Records from a dataset:
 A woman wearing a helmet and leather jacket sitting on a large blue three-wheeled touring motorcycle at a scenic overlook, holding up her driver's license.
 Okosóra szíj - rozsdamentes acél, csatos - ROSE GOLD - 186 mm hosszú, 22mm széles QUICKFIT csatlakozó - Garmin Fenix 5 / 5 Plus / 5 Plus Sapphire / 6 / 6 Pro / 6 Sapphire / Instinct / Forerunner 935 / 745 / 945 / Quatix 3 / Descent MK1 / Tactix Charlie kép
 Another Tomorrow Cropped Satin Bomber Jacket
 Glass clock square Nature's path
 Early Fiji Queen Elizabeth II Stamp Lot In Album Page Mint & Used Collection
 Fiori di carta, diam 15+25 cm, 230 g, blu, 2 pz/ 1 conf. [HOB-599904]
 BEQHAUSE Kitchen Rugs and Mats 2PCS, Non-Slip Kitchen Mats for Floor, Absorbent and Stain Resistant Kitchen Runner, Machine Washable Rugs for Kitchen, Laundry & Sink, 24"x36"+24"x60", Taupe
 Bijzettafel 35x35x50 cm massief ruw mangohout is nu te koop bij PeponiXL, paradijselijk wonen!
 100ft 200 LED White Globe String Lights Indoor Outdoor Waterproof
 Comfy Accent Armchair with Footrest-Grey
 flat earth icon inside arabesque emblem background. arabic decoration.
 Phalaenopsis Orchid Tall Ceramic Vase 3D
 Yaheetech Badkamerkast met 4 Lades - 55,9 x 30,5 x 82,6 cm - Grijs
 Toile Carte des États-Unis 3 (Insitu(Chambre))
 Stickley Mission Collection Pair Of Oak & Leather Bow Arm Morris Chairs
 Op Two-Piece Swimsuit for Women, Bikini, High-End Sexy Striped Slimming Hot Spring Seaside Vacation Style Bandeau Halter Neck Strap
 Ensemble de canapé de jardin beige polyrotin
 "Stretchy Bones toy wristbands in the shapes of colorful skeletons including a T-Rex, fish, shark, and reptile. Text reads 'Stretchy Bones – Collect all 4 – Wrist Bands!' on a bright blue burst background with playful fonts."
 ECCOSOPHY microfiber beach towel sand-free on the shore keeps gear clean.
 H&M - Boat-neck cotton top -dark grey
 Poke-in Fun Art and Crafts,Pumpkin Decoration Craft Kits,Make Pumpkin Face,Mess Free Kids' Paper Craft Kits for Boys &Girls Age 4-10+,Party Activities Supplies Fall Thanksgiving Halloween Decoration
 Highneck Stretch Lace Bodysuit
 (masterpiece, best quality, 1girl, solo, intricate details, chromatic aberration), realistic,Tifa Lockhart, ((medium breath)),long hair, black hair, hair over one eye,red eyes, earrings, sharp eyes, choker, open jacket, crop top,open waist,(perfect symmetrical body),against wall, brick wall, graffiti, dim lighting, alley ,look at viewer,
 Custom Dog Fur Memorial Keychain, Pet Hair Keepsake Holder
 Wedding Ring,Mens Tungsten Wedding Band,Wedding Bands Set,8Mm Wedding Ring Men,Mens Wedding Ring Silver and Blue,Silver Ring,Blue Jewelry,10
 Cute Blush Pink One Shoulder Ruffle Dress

**What needs to be done**:
Look above for the line containing "ECCOSOPHY microfiber beach" and the line containing "Custom Dog Fur". Transcribe both, with the lines between them, exactly.

**Task output**:
 ECCOSOPHY microfiber beach towel sand-free on the shore keeps gear clean.
 H&M - Boat-neck cotton top -dark grey
 Poke-in Fun Art and Crafts,Pumpkin Decoration Craft Kits,Make Pumpkin Face,Mess Free Kids' Paper Craft Kits for Boys &Girls Age 4-10+,Party Activities Supplies Fall Thanksgiving Halloween Decoration
 Highneck Stretch Lace Bodysuit
 (masterpiece, best quality, 1girl, solo, intricate details, chromatic aberration), realistic,Tifa Lockhart, ((medium breath)),long hair, black hair, hair over one eye,red eyes, earrings, sharp eyes, choker, open jacket, crop top,open waist,(perfect symmetrical body),against wall, brick wall, graffiti, dim lighting, alley ,look at viewer,
 Custom Dog Fur Memorial Keychain, Pet Hair Keepsake Holder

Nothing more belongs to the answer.